美麗さという点では「The History of Jobs & Apple」もなかなかのものだが、同書はどうしても「MacLife号外」という感をまぬがれず、焦点もMac、それもOS X以前のMacに当たりがちなのに対し、本書はMacをきちんととりあげつつも、しかし今やAppleの売上の3/4を占めるiPod/iPhone/iPadを「正しい比率で」扱っている点でリードしている。

次に、日本語の本でありながら英語が「きちんと」使われていること。単に正しいというのではなく、Appleの広報にダメ出しさせたのではないかというぐらい簡潔で優美。「作品」を"His Fruits"としたところなど実に「実事」だ。

そして最後に -- last but not least -- あげておきたいのが、本書の価格。

404 Blog Not Found:A Figure Hires an A+ Biographer - 書評 - Steve Jobs
本書は内容に留まらず、上梓のタイミングまでApple的だ。
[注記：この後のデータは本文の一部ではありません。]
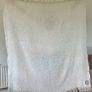 Foxford mohair throw Image 3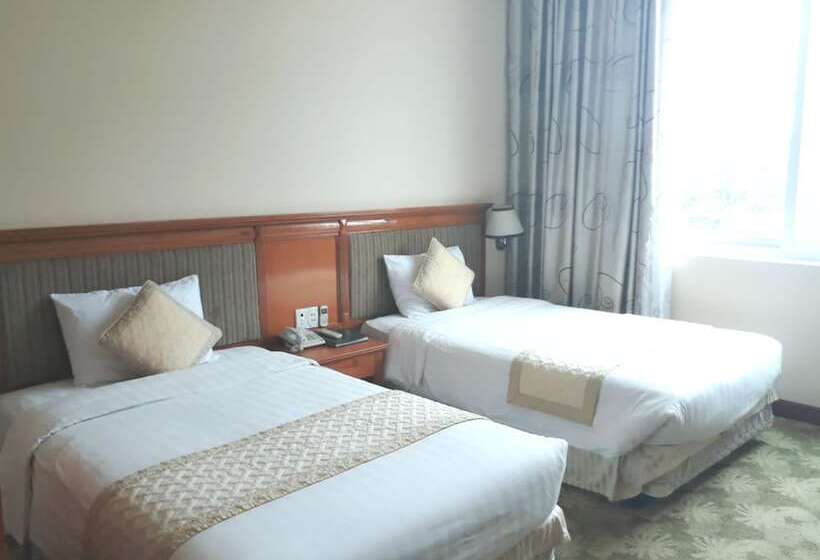 هتل My Tra Riverside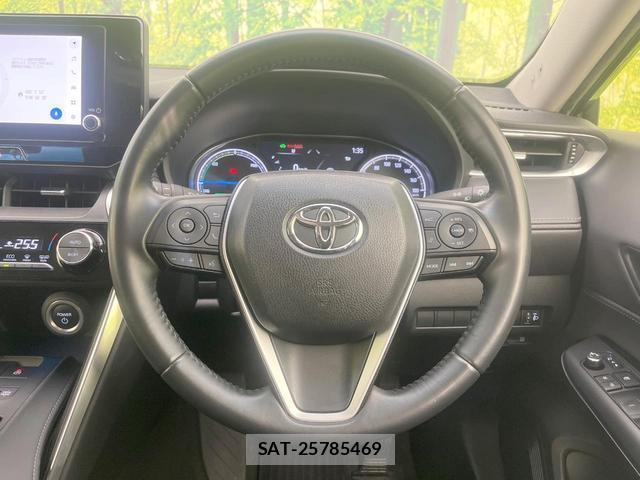 Toyota HARRIER HYBRID 2023-06 8280009-10
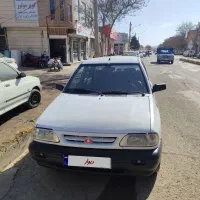 پراید مدل 88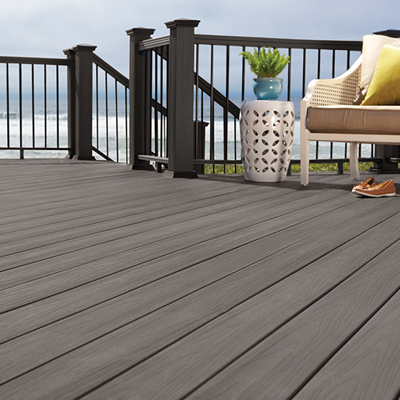Anti-Slip WPC Decking Anti-Slip WPC Decking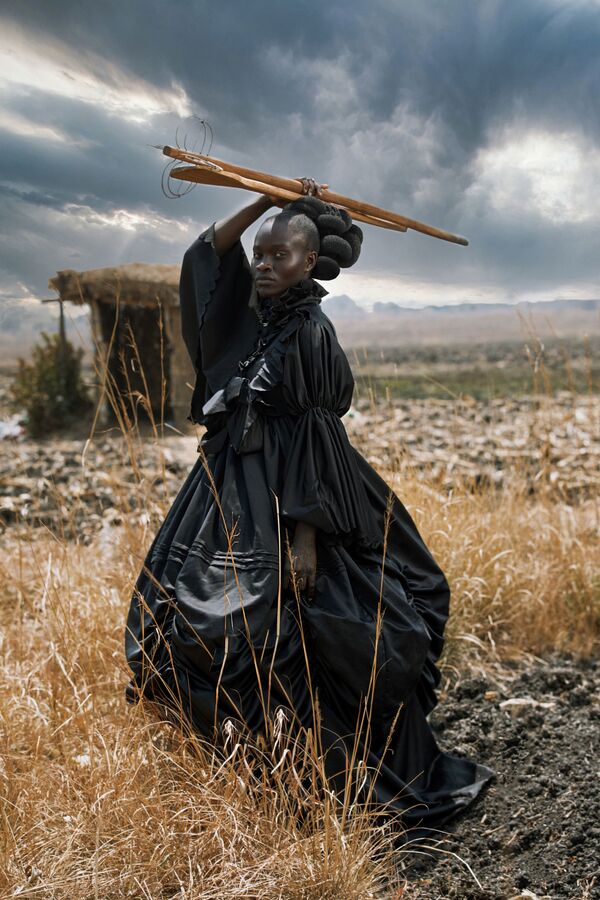 برندگان مسابقه بین المللی عکاسی «سونی» 2021 میلادی
عکاس، تامارا کودیتا از زیمبابوه - اسپوتنیک ایران  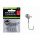 BKK Silent Chaser Microjig - Punch LRF 4#, 1.8g, 5 Stück/Packung Jigkopf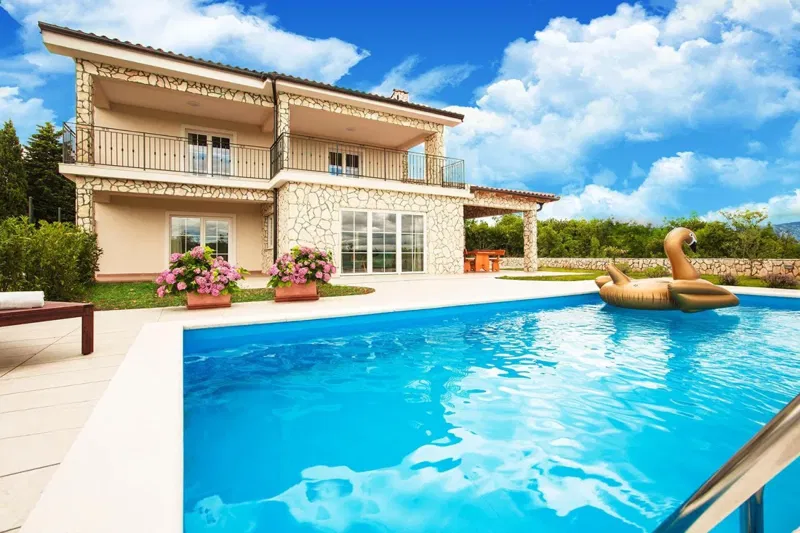 Villa with panoramic sea views – 2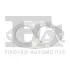 FISCHER RENAULT прокладка глушника Eclipse -96,R18/R21/R25 Fischer Automotive One (FA1) 220-902 (фото 1)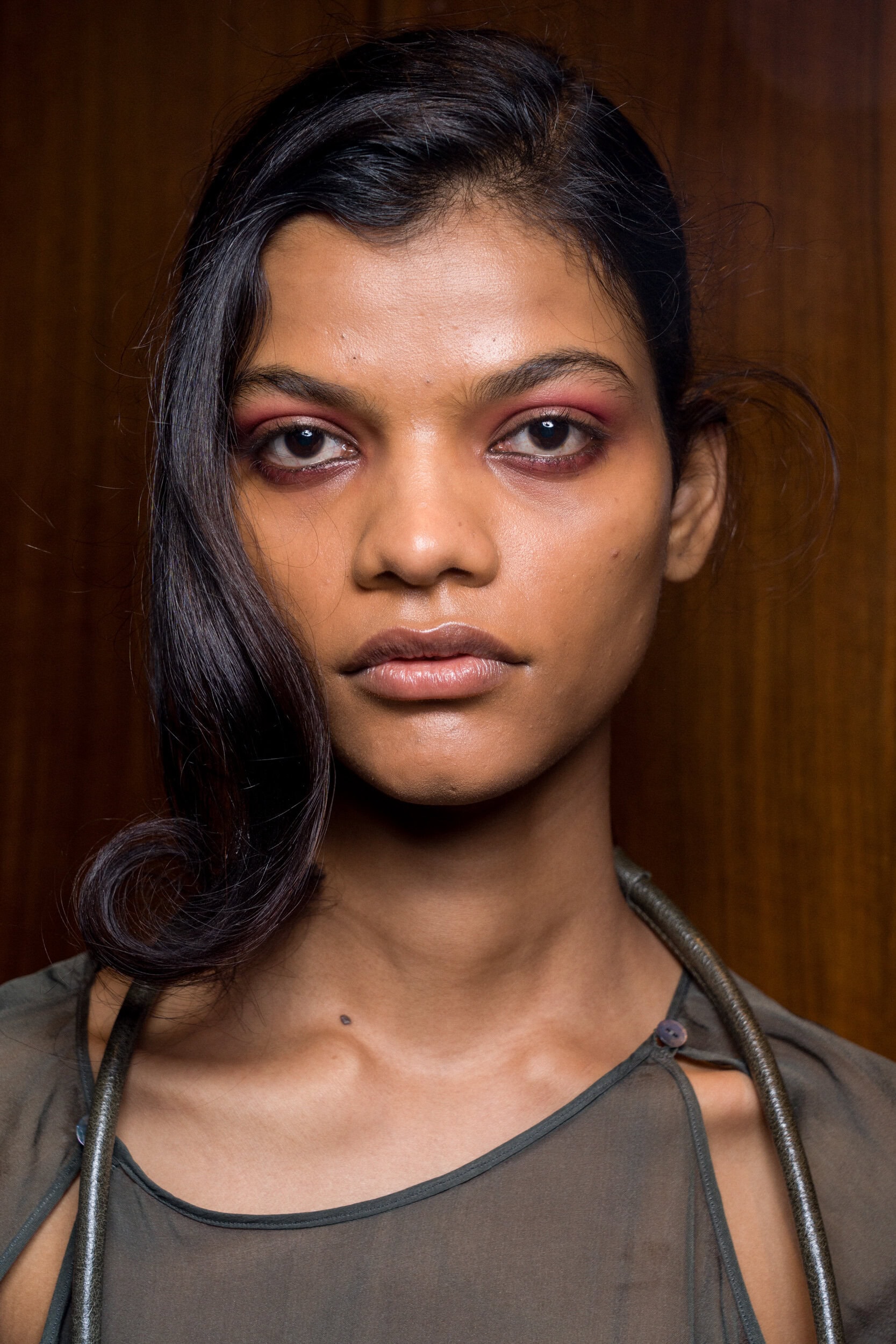 Paloma Wool Fall 2026 Fashion Show Backstage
日本語版の価格が現在のApple的ではなく初代Macの頃のApple的なことに私としても言いたい事はあるけれど、内容に関しては何を言っても蛇足になってしまう。

980円。「正伝」がなし得なかった「現在のApple的」価格を、本書は見事に実現している。これで利幅までApple的だったら驚く他ないが。

冒頭に「あと一冊は保留」と書いたが、そこは本よりも作品を持ってくるべきではないか。Jobsの「遺品」は静物ではない以上、やはり「動かしてみないと」語り得ない。まだ一つも持っていない人には、iPod Touchを推しておく。英語版の「正伝」もそれを通して読むことが出来るし。

Don't quote him, disagree with him, glorify or vilify him without it!